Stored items
□ □ □ □ □ □ □

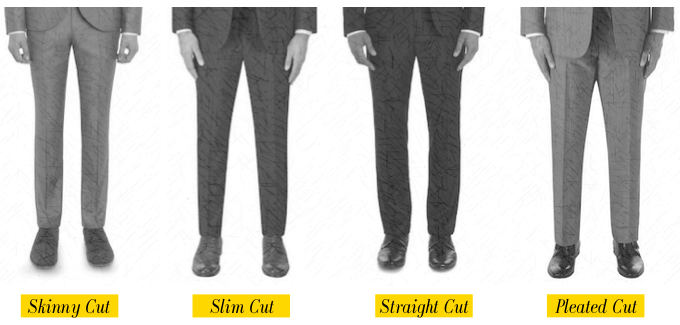 The Secret to Well Fitting Trousers | Men's Style Guides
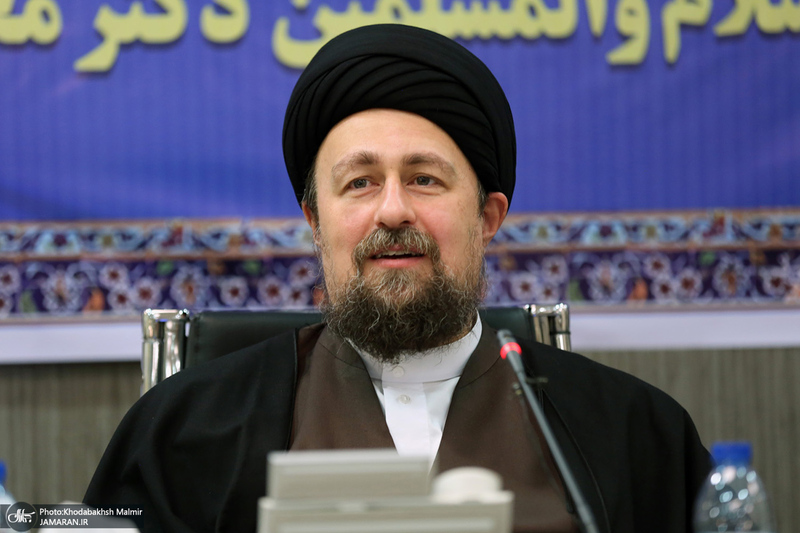 مراسم تکریم و معارفه رئیس پژوهشکده امام خمینی (س) و انقلاب اسلامی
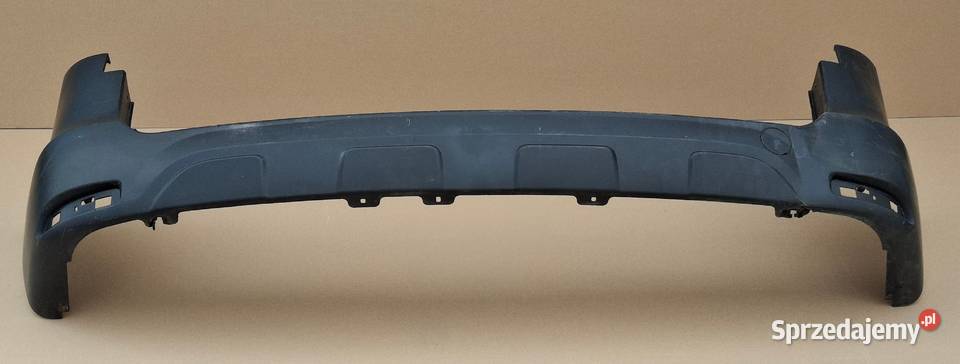 DACIA DOKKER ZDERZAK TYŁ TYLNY 850226654R Zderzaki lubuskie Bieleń sprzedam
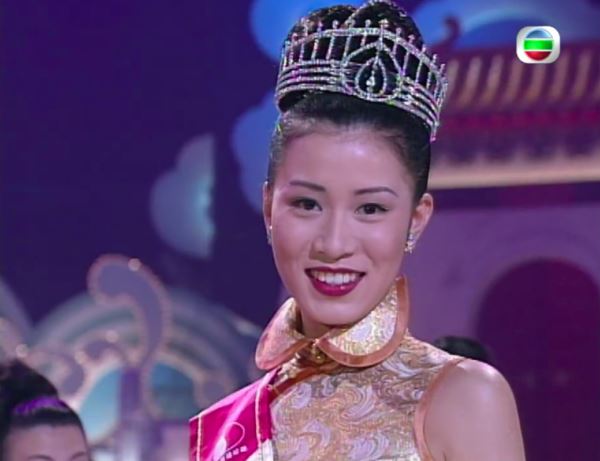 📺《新闻女王》香港小姐扎堆❗snknews女主播各个高颜值😍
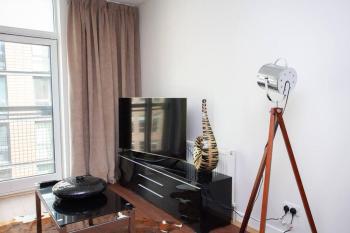 Fantastic City Centre Flat, Glasgow (Foto 4)
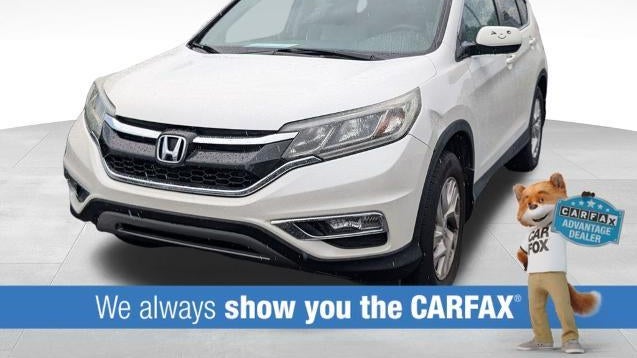 Preowned 2016 Honda CR-V EX for Sale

□ □ □ □ □ □ □

▸ **What the task requires**
Using the records above, output their complete text exactly, minus any images.

▸ **Task response**
 The Secret to Well Fitting Trousers | Men's Style Guides
 مراسم تکریم و معارفه رئیس پژوهشکده امام خمینی (س) و انقلاب اسلامی
 DACIA DOKKER ZDERZAK TYŁ TYLNY 850226654R Zderzaki lubuskie Bieleń sprzedam
 📺《新闻女王》香港小姐扎堆❗snknews女主播各个高颜值😍
 Fantastic City Centre Flat, Glasgow (Foto 4)
 Preowned 2016 Honda CR-V EX for Sale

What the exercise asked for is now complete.